# Pedals



## powhunter (Mar 27, 2010)

Going with the five-ten shoe, Whats a good flat pedal to get?? 

Thanks

steveo


----------



## Grassi21 (Mar 27, 2010)

Don't get the Candy Bros 5050.  Nice pedal and looks great.  But the plate screws are notorious for disappearing.

Love my 510 shoes.  They are my preferred shoe for coaching.


----------



## MR. evil (Mar 27, 2010)

powhunter said:


> Going with the five-ten shoe, Whats a good flat pedal to get??
> 
> Thanks
> 
> steveo



I love me FiveTens! I also have no complaints about my Welgo MG1 pedals. Light, good grip and not too expensive. 

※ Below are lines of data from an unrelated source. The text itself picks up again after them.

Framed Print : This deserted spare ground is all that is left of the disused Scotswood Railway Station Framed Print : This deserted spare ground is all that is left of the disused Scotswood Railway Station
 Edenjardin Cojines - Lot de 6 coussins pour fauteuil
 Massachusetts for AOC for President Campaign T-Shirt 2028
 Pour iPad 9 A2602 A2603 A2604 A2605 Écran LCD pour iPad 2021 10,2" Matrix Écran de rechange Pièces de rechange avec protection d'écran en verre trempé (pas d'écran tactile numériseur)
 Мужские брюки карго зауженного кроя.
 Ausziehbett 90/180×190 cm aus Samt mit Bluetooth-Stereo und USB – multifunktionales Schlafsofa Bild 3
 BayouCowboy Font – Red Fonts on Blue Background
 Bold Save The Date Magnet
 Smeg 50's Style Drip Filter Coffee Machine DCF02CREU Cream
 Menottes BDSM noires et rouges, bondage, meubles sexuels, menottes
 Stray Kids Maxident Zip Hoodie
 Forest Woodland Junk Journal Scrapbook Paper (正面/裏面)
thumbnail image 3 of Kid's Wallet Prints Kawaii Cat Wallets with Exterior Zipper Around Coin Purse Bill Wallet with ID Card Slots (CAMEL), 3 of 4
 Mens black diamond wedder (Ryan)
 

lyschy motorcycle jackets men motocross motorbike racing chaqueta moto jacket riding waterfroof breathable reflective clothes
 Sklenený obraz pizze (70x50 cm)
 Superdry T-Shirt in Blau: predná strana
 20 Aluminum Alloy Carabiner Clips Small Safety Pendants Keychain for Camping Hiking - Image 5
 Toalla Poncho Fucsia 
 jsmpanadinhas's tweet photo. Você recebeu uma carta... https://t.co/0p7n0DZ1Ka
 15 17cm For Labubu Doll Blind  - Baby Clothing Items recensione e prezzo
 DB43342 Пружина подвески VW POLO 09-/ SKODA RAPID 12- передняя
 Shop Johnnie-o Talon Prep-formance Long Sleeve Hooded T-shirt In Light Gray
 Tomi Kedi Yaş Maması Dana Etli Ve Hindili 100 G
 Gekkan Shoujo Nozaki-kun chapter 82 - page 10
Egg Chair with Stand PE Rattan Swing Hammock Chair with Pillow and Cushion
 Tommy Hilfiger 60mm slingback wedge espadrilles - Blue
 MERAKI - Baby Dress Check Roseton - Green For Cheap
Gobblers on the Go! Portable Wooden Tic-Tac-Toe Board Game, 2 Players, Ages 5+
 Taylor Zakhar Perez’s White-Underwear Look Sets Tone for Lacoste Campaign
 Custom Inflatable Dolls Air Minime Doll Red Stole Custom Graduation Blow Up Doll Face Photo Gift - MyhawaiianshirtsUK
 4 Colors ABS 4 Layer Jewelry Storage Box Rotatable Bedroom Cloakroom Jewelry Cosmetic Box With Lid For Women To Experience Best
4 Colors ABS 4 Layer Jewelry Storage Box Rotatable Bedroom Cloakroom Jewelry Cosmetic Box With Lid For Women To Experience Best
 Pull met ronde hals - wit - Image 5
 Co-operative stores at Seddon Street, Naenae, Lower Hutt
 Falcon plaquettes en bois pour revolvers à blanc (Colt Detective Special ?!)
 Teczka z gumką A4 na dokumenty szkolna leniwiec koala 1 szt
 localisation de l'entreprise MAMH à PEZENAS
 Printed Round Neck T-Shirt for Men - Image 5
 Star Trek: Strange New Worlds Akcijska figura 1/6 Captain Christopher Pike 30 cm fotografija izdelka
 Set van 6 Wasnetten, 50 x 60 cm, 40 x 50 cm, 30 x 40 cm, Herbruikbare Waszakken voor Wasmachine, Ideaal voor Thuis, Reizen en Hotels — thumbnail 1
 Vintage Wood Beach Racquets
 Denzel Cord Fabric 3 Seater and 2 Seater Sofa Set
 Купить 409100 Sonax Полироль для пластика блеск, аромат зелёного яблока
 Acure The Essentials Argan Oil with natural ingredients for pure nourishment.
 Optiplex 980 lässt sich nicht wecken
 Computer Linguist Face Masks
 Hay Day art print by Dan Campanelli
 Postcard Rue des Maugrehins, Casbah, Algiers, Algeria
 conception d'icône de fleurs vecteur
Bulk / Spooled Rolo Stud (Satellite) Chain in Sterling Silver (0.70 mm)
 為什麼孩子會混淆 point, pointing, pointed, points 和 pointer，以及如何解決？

I would also invest in some leg armor, becuase if your feet to slip off the pedals it wil really Fg hurt. It won't happen much with the FiveTens, but just once is enough to justify leg armor!


----------



## powhunter (Mar 27, 2010)

Thanks!! Where can i get those pedals??

steveo


----------



## MR. evil (Mar 27, 2010)

powhunter said:


> Thanks!! Where can i get those pedals??
> 
> steveo



I will try to post up some links where you can buy them later tonight.


----------



## powbmps (Mar 27, 2010)

Which five tens are you guys using?  I just picked up a pair of these:


----------



## powbmps (Mar 27, 2010)

Hopefully they stick to these (if I can keep from losing the screws :smile:


----------



## MR. evil (Mar 27, 2010)

Welcome to the dark side Chris .

I just got back from my first ride of the season and it kicked my ass. It didn't help I was on a SS.


----------



## RootDKJ (Mar 29, 2010)

I was just jumped at the Crank Brothers Smarty pedal on Chainlove.  It looks like it may be a good entry into clipless for me.  I don't have a real mtb shoe (usually just old sneakers) so I held the order in hopes that one will show up on there before 4/6.  I think this will work out well, because I they can also work as a standard platform pedal if starting out on a steep climb.


----------



## bvibert (Mar 30, 2010)

They have LEDs on the ends so that the cougars can easily find you when you get lost at night.


----------



## SkaPig (Apr 4, 2010)

I ride DMR V12 Mags.  I like them quite a bit.  

http://jensonusa.com/store/product/PE307E00-Dmr+V12+Mag+Pedals.aspx


----------